- Changed Rift to 68.6 on Monday.
- Tested the FreeBSD Oracle client on Dawn. Got it to talk to the database
successfully.
- Resurrected Scarp. It had died on 11/20 when the temperature in the
computer room hit 80 degrees.
- Changed the Big Brother clients on all systems to reflect the new
address for Rift.
- Started building a duplicate of Rift on Scarp.
- Put Pluton in a rack in the 525 computer room.
- Met with Bob Sauer from Cal Climate, Philip Vaziri and Michael Raven
from Caltech, and a representative from Carrier to discuss the air
conditioning problems in the 525 computer room.
- Added fields to the pagers database to store information so that we
can use the database to generate configurations for tnpage.
- Tried to set up replication for MySQL from Rift to Scarp. It would
not work, giving a 'increase max_allowed_packet on master' error. Tried
increasing this to its maximum, but this did not fix it.
- M4.8 event in Mexico at 13:04. Felt in San Diego and the Imperial
Valley. Trinet web server traffic peaked at 14 hits/sec.
- Alarms problem with QDDS on Makalu. Turned out that the AA_Simpson_Map
script was generating QDDS messages and putting them in
/home/rtem/QDDS/polldir. This is where QDDS runs on the online systems.
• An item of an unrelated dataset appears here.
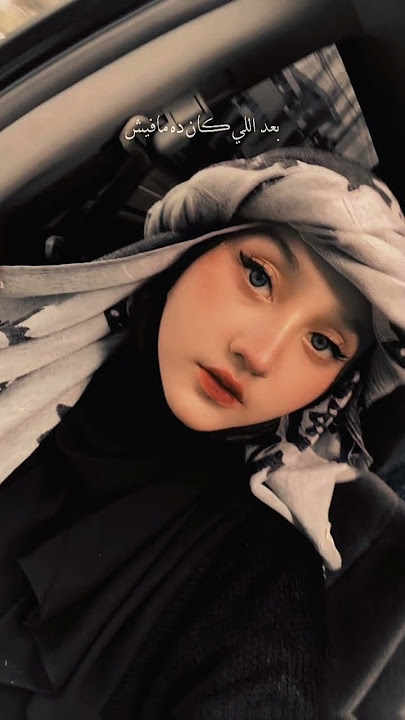 Hatrooh - Sherine #liriklagu #arabic #fyp
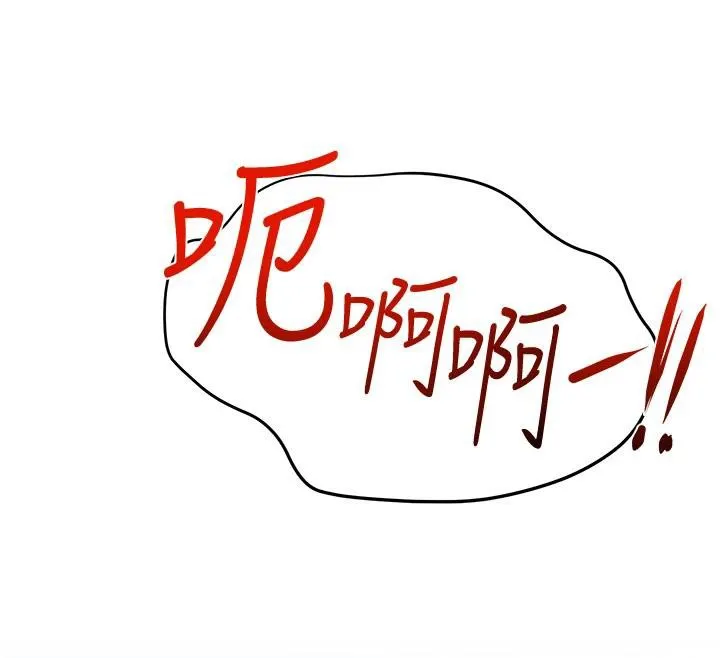 慾海交锋 第74話-在妳體內留下我的印記 第229页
But on the Data Center machines, it runs under /opt/util/share/QDDS.
Made a link so that /home/rtem/QDDS/polldir links to
/opt/util/share/QDDS/polldir.
- Put the new tnpage configs on Atlantic, Pacific, and Rift. These configs
are generated out of the pagers database with the 'maketnpage.pl' script
on Rift in /home/stan/Paging.
- Attached the modem on Pacific to its shelf with velcro on Tuesday.
- The Arena RAID on Pacific was reporting bad sectors on disk 3 on Wednesday
morning. Replaced it with a spare and sent the bad disk back to Maxtor
with RMA number 0201209120.
- Started installing the new SunFire V480 servers that Egill bought.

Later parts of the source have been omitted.